I have some AST rewriting code (using Sourceror) that has started failing in Elixir 1.18 – I believe because unquote has become stricter about valid AST, whereas in earlier versions it was only an issue within macros.

The issue is that it’s trying to generate code containing a ~D[...] sigil. It works in Elixir 1.17:

iex(1)> quote do: unquote(~D[2025-01-07])
~D[2025-01-07]

But not in 1.18:

iex(1)> quote do: unquote(~D[2025-01-07])
** (ArgumentError) tried to unquote invalid AST: ~D[2025-01-07]
Did you forget to escape term using Macro.escape/1?
    (elixir 1.18.1) src/elixir_quote.erl:542: :elixir_quote.argument_error/1
    iex:1: (file)

I can use Macro.escape as suggested, but this inserts the date as a raw map instead of a sigil. This works, but doesn’t look great in the generated code:

iex(2)> quote do: unquote(Macro.escape(~D[2025-01-07]))
{:%{}, [],
 [__struct__: Date, calendar: Calendar.ISO, day: 7, month: 1, year: 2025]}

Is there some way to end up with a call to the ~D macro in the generated code, rather than the resulting struct/map?
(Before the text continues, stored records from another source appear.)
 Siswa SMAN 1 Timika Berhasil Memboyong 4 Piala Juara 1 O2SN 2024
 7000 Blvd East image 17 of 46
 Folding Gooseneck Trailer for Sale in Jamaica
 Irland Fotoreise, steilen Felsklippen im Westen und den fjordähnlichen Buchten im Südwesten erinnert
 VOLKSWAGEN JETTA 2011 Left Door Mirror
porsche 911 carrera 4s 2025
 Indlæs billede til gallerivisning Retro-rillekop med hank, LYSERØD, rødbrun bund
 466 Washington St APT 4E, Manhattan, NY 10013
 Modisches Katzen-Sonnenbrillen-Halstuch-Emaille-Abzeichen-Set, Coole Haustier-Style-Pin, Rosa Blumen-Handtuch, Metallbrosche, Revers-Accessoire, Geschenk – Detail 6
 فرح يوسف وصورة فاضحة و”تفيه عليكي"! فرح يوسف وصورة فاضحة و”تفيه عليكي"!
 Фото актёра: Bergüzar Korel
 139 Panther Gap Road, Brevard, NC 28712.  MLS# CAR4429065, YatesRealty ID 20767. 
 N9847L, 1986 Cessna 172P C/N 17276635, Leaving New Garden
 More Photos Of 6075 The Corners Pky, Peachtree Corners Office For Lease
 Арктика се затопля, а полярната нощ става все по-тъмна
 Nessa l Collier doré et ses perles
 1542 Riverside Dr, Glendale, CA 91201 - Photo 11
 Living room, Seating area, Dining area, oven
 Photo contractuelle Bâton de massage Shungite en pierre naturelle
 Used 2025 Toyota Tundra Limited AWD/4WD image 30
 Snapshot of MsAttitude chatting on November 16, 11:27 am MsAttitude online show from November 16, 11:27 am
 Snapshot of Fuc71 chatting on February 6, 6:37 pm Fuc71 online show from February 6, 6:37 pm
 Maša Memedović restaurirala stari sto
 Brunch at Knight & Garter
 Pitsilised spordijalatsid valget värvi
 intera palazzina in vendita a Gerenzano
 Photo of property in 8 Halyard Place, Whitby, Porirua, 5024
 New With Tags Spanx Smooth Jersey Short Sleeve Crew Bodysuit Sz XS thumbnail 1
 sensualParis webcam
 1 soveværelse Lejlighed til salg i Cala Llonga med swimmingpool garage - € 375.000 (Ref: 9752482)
The quote/unquote has nothing to do with how the final generated code looks like. They’re just means of generating AST/injecting given AST in the resulting AST. You’d need to figure out the correct AST you want to return for sourceror:

iex(1)> quote do: ~D[2024-12-12]
{:sigil_D, [delimiter: "[", context: Elixir, imports: [{2, Kernel}]],
 [{:<<>>, [], ["2024-12-12"]}, []]}

Depending on what input you actually have you can build that AST for the return value.

iex(1)> quote do: unquote(~D[2025-01-07])
~D[2025-01-07]

This here is basically a noop. It does/did nothing.

The quote/unquote has nothing to do with how the final generated code looks like. They’re just means of generating AST/injecting given AST in the resulting AST. You’d need to figure out the correct AST you want to return for sourceror:

iex(1)> quote do: ~D[2024-12-12]
{:sigil_D, [delimiter: "[", context: Elixir, imports: [{2, Kernel}]],
 [{:<<>>, [], ["2024-12-12"]}, []]}

Thanks, that makes sense.

This here is basically a noop. It does/did nothing.

Yeah, in the real code there was a lot more stuff in the quote.